▶ [WHAT IS REQUIRED]: Extract the lines from the first line of the records below through the line containing "Performance is one", inclusive, and reproduce them exactly as written.

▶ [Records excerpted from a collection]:
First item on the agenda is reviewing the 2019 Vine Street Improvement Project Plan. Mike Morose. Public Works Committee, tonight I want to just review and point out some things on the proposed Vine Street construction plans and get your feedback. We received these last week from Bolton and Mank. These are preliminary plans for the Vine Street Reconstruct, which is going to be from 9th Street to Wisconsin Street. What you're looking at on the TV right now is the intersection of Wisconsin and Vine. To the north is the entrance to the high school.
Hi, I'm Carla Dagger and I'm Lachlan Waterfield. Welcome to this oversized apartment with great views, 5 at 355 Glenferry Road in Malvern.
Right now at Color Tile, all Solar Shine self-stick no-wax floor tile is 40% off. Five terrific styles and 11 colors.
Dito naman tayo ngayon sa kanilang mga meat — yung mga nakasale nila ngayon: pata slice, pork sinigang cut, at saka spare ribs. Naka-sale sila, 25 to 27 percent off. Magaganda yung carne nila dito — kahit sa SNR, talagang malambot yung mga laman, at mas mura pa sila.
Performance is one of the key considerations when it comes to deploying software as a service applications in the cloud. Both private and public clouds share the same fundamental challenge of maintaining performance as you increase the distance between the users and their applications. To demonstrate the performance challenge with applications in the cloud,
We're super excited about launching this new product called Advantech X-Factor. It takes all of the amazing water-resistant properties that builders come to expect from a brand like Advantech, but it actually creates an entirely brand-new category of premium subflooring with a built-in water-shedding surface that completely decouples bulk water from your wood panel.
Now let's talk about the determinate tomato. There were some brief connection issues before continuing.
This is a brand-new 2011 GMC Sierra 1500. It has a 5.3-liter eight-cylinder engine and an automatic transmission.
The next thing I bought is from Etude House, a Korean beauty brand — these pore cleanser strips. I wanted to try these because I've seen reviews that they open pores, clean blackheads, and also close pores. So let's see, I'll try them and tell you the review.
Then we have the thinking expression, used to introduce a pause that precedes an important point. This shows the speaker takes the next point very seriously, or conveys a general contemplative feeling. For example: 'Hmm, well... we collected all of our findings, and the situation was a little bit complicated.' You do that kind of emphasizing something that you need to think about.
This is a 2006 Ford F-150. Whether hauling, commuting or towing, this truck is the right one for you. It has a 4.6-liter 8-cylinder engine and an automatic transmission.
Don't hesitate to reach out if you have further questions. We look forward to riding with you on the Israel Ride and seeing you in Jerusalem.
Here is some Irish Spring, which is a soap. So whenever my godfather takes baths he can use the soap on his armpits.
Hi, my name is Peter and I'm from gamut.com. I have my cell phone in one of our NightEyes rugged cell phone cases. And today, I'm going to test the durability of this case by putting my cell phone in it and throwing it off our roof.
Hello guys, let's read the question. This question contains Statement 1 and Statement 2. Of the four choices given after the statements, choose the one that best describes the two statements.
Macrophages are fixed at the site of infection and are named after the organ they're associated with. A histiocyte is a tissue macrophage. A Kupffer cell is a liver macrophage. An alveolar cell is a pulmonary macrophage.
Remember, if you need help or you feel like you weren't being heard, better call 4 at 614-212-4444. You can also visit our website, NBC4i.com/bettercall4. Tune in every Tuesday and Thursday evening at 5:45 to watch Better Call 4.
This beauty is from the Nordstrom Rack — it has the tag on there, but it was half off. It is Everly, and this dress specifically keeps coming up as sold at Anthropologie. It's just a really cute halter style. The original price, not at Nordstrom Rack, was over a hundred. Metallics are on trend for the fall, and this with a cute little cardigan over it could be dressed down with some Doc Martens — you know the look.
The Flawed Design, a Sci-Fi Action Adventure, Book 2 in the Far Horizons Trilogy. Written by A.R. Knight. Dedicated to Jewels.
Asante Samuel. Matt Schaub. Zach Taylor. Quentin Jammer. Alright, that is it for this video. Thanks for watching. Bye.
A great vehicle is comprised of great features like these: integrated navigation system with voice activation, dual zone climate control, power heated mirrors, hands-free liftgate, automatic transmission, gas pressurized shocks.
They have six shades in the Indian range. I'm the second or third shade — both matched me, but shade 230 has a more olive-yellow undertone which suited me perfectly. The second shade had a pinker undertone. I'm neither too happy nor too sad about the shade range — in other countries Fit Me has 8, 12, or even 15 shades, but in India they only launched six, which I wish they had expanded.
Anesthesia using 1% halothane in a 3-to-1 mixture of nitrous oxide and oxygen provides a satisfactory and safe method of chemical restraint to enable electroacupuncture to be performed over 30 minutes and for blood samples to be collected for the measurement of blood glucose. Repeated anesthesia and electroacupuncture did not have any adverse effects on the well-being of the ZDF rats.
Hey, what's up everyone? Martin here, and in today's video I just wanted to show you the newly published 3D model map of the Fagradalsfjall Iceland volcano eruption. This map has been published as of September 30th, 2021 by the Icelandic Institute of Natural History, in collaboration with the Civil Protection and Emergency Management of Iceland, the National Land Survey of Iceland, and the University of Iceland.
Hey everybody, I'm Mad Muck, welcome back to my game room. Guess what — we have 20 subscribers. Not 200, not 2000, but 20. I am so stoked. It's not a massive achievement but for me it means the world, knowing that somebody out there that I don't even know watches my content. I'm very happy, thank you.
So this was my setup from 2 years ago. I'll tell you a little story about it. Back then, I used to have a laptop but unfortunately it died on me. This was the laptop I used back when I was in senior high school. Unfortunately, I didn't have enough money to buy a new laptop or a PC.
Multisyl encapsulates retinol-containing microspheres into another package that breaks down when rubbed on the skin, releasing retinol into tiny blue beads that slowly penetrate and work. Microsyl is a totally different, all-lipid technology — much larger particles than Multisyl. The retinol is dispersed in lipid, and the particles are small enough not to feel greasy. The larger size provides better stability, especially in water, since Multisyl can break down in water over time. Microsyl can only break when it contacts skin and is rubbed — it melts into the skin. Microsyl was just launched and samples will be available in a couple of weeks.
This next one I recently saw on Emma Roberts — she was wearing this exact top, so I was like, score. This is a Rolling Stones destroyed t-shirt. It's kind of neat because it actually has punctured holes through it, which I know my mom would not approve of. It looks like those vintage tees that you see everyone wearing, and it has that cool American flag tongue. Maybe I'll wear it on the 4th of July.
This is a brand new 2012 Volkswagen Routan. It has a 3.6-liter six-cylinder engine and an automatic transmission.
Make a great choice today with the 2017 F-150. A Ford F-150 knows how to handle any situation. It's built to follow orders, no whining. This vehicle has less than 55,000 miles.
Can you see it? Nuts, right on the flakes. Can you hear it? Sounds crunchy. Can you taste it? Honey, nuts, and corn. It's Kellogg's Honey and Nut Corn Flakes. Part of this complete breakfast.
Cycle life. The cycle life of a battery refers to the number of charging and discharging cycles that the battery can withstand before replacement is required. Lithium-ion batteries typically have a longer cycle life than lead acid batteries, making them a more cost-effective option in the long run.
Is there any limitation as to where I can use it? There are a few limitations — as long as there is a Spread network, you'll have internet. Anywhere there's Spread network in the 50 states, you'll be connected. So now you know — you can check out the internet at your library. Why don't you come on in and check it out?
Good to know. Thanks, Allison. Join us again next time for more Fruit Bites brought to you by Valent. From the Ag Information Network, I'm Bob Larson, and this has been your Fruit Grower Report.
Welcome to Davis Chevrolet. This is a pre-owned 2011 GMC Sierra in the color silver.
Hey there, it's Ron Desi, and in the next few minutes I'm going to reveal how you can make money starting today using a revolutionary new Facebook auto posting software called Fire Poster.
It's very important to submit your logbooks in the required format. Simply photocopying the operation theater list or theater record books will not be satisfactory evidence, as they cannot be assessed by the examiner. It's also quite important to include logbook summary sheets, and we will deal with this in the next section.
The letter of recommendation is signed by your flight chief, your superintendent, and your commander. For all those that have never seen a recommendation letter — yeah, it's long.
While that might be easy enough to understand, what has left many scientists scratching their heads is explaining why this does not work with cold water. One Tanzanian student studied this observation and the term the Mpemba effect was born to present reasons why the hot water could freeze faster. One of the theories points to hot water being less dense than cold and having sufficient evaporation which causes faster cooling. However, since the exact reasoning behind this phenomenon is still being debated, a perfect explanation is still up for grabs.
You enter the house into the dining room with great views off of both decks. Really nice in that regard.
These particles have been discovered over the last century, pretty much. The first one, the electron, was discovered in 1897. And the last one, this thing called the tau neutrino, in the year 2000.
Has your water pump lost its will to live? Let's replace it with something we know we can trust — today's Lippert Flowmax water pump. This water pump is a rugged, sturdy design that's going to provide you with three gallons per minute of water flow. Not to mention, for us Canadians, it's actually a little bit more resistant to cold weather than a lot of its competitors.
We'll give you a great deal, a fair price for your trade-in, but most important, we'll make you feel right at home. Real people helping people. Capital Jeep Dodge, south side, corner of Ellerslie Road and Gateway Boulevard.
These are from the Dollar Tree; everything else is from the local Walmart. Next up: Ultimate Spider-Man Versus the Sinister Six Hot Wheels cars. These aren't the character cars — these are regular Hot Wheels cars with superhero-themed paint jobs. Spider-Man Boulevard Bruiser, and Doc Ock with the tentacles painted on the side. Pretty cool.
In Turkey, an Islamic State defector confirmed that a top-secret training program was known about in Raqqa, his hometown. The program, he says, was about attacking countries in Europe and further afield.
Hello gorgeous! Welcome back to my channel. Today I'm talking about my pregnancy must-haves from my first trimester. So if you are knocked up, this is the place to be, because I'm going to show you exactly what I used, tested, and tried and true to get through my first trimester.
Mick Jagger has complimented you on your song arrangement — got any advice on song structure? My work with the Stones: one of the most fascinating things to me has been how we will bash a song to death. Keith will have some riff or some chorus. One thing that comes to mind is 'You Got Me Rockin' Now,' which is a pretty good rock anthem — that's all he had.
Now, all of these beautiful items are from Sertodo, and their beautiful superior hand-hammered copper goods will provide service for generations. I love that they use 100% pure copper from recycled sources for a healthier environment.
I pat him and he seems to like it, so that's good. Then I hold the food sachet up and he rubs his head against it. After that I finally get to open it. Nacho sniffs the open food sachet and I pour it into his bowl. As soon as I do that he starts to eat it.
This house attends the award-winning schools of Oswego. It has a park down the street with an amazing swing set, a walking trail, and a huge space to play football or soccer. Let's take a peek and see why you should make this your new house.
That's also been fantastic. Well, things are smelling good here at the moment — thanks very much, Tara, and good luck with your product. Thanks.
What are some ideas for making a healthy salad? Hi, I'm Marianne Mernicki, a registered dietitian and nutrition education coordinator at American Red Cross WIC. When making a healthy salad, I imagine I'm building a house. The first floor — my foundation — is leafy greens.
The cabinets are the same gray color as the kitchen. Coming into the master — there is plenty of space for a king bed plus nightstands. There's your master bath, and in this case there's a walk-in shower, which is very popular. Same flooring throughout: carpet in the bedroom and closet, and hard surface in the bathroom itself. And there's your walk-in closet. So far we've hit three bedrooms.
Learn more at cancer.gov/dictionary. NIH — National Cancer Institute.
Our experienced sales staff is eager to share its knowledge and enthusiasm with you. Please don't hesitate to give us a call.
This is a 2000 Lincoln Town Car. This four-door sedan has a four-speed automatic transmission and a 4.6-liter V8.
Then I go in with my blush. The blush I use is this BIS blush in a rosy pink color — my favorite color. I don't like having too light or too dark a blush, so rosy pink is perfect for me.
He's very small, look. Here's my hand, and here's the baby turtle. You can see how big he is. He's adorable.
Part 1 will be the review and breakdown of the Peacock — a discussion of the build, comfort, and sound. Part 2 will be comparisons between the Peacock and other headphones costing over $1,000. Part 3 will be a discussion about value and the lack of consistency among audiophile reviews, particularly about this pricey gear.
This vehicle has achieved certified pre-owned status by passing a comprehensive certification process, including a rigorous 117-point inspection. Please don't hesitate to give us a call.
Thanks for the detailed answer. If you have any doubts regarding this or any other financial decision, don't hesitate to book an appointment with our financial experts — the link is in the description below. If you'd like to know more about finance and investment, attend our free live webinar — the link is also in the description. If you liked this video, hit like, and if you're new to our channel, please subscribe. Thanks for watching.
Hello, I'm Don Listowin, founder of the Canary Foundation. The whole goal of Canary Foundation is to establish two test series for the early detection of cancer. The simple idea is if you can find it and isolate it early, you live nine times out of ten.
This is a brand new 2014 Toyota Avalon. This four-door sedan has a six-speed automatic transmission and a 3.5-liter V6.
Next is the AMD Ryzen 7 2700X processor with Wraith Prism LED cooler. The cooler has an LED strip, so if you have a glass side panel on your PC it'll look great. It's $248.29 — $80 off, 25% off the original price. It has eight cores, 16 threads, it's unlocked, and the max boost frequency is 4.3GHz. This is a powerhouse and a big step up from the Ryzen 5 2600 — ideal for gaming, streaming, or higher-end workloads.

▶ [RESPONSE TO THIS TASK]:
First item on the agenda is reviewing the 2019 Vine Street Improvement Project Plan. Mike Morose. Public Works Committee, tonight I want to just review and point out some things on the proposed Vine Street construction plans and get your feedback. We received these last week from Bolton and Mank. These are preliminary plans for the Vine Street Reconstruct, which is going to be from 9th Street to Wisconsin Street. What you're looking at on the TV right now is the intersection of Wisconsin and Vine. To the north is the entrance to the high school.
Hi, I'm Carla Dagger and I'm Lachlan Waterfield. Welcome to this oversized apartment with great views, 5 at 355 Glenferry Road in Malvern.
Right now at Color Tile, all Solar Shine self-stick no-wax floor tile is 40% off. Five terrific styles and 11 colors.
Dito naman tayo ngayon sa kanilang mga meat — yung mga nakasale nila ngayon: pata slice, pork sinigang cut, at saka spare ribs. Naka-sale sila, 25 to 27 percent off. Magaganda yung carne nila dito — kahit sa SNR, talagang malambot yung mga laman, at mas mura pa sila.
Performance is one of the key considerations when it comes to deploying software as a service applications in the cloud. Both private and public clouds share the same fundamental challenge of maintaining performance as you increase the distance between the users and their applications. To demonstrate the performance challenge with applications in the cloud,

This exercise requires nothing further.